:: What to do ::
Could you set down the lines from the first line of the entries below through the line with "Табурет барный с обивкой Babila 360х320х780 мм Табурет", exactly and with no pictures?

(Short text fragments from websites)
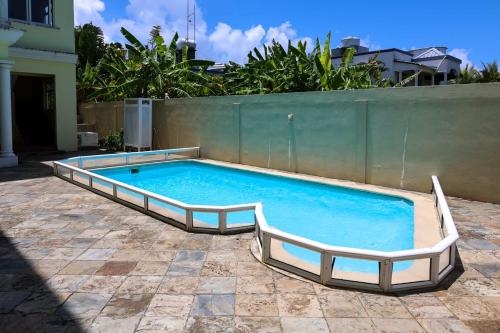 格兰贝伊ibis Apartments - Ground Floor - Summersun Residence - Grand Baie, Pereybere的一座带两个扶手的大游泳池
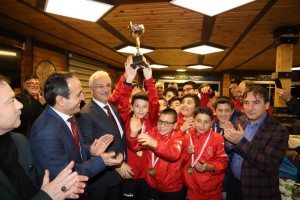 Erz Enerji Erzincan Belediyespor Şampiyonluğu kutladı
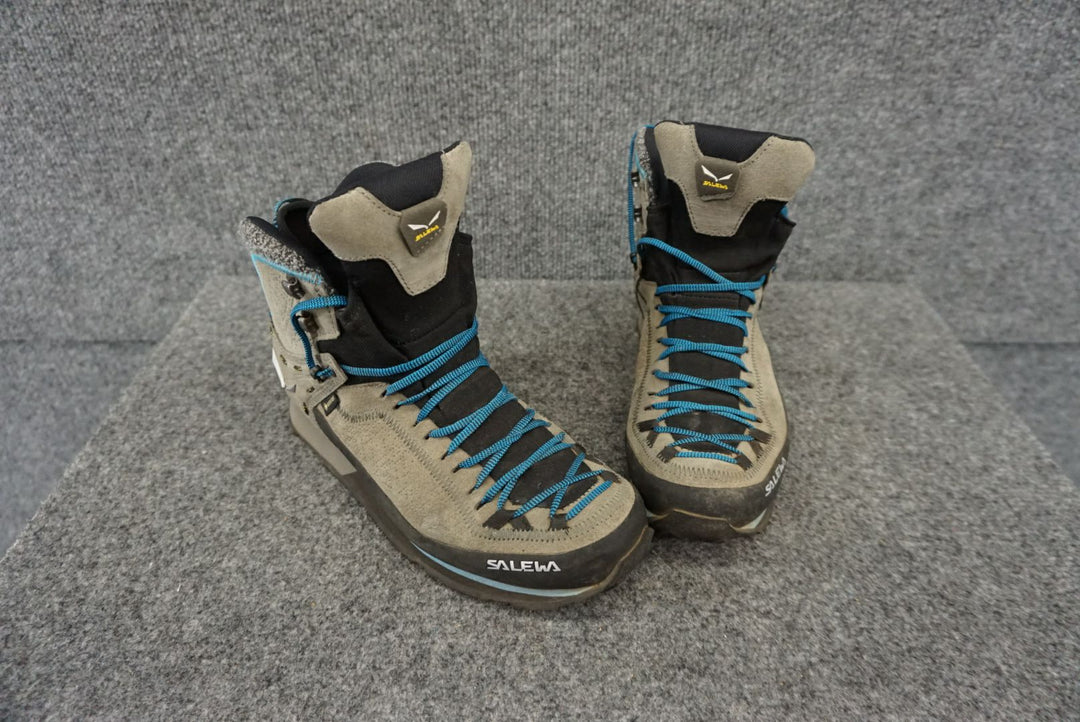 Salewa Blue/Gray Size W8/39 Women's Mountaineering Boots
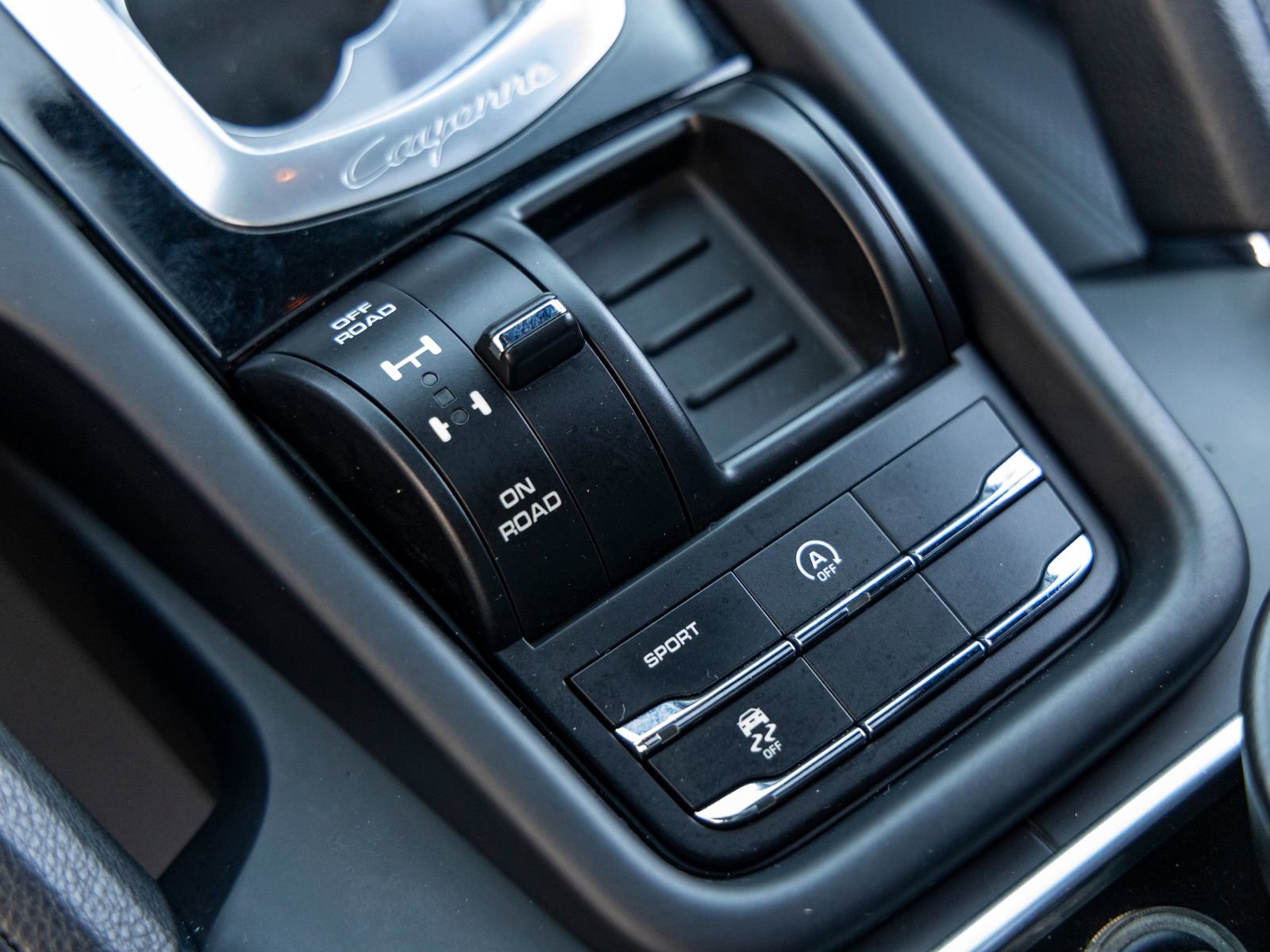 Used 2016 Porsche Cayenne image 38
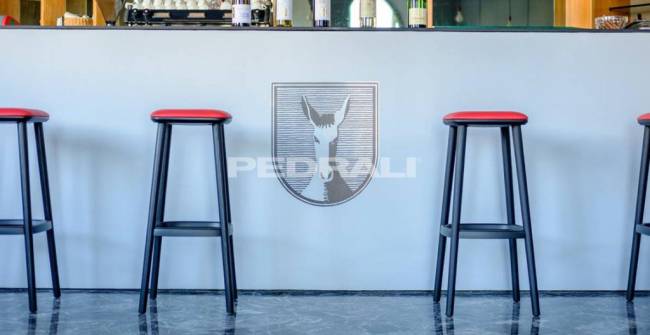 Табурет барный с обивкой Babila 360х320х780 мм Табурет барный с обивкой Babila 360х320х780 мм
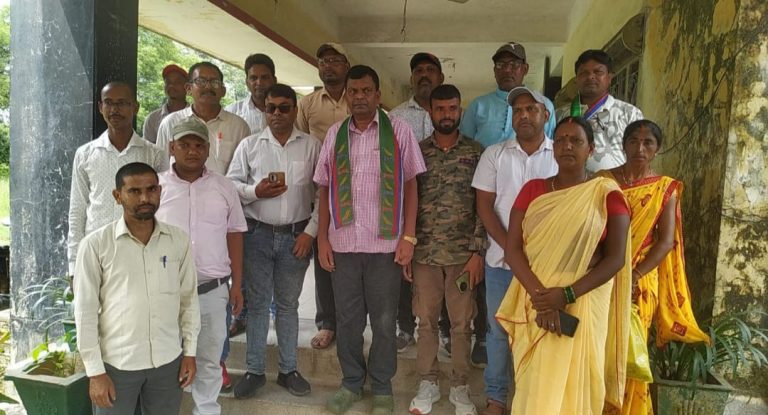 अतिथि भवन तेनुघाट में आजसू पार्टी की बैठक सम्पन्न, लिए गए कई निर्णय।
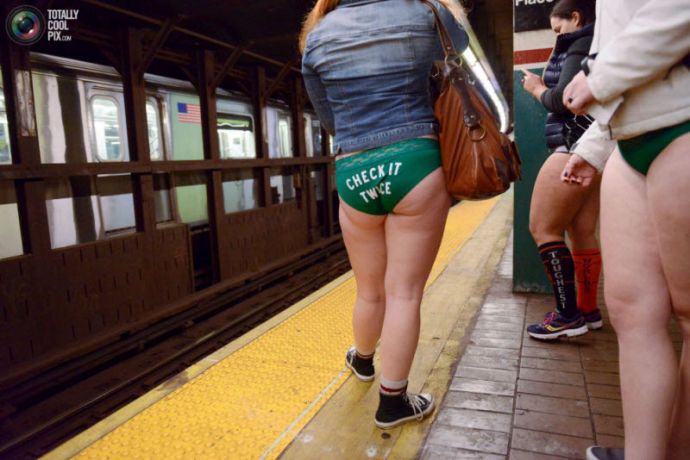 День в метро без штанов 2016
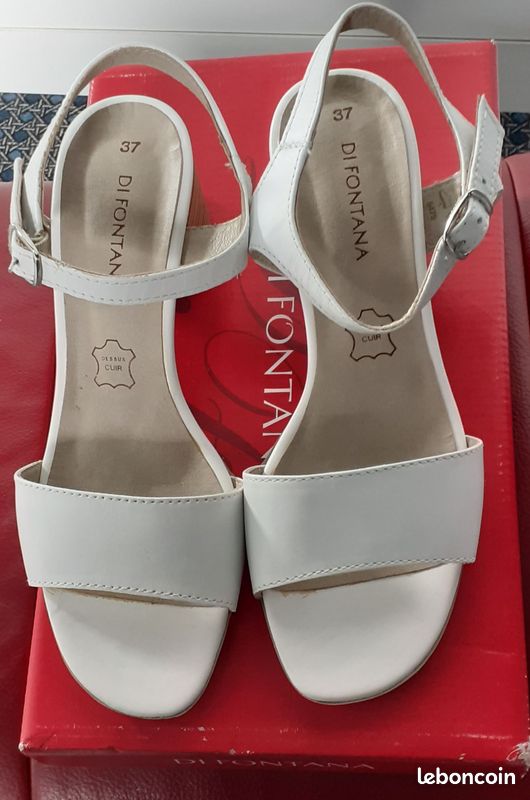 Sandales blanches a talon taille 37 (image 3)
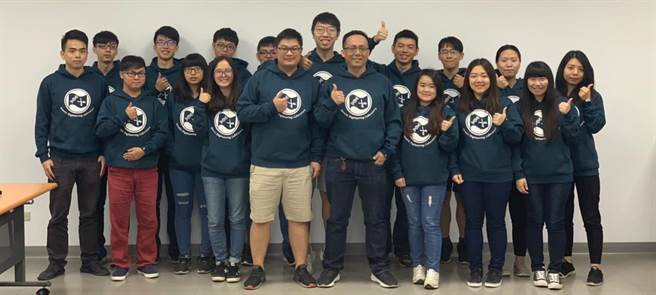 南臺科技大学生物与食品科技系陈柏庭教授与学生研发团队之大合影。(南臺科大提供／曹婷婷台南传真)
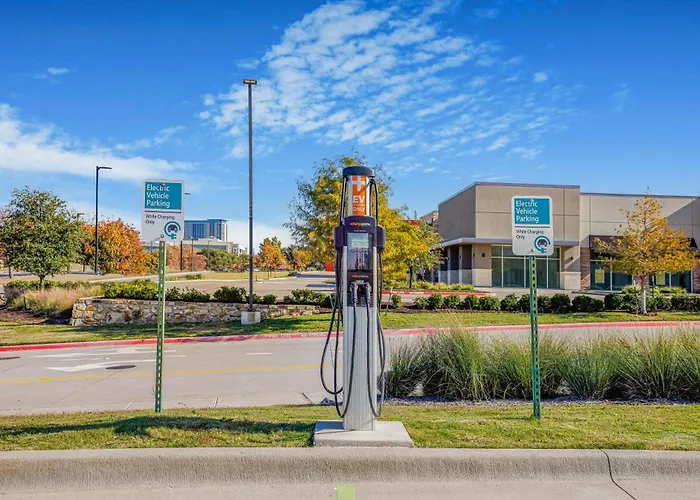 Home2 Suites Plano Legacy West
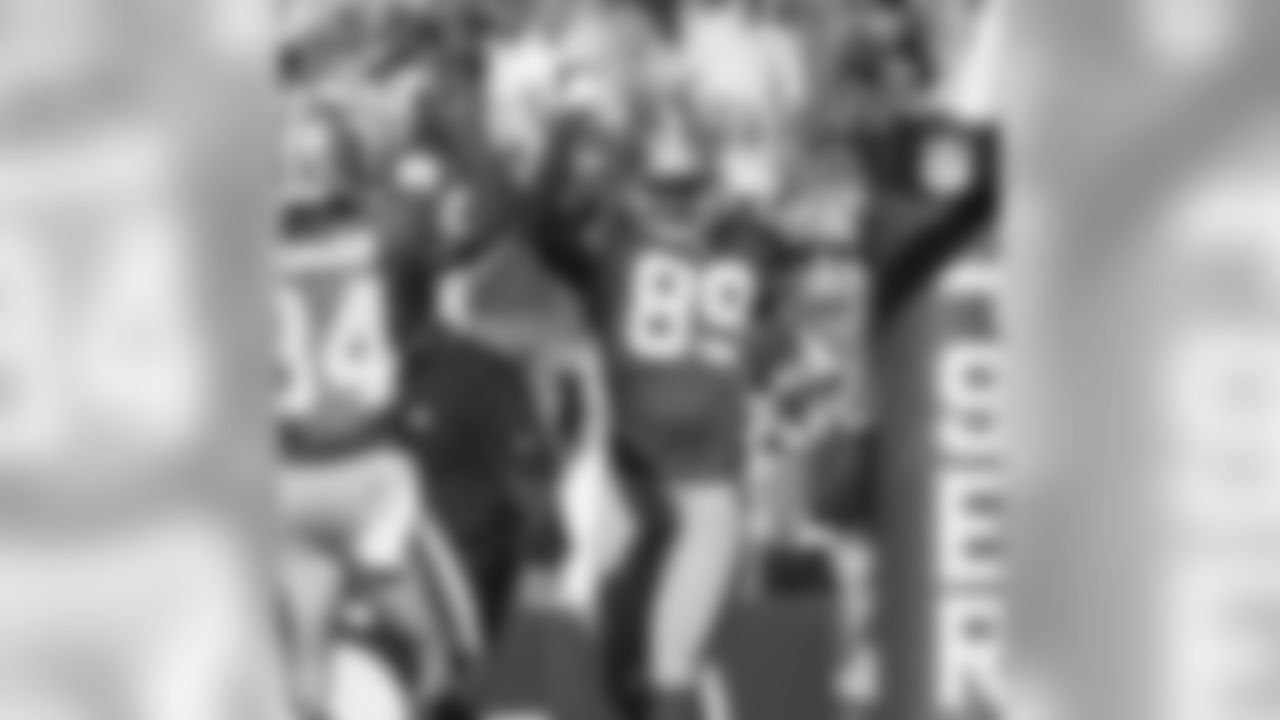 WR Jason Hill celebrates his first career touchdown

:: Answer for the task ::
 格兰贝伊ibis Apartments - Ground Floor - Summersun Residence - Grand Baie, Pereybere的一座带两个扶手的大游泳池
 Erz Enerji Erzincan Belediyespor Şampiyonluğu kutladı
 Salewa Blue/Gray Size W8/39 Women's Mountaineering Boots
 Used 2016 Porsche Cayenne image 38
 Табурет барный с обивкой Babila 360х320х780 мм Табурет барный с обивкой Babila 360х320х780 мм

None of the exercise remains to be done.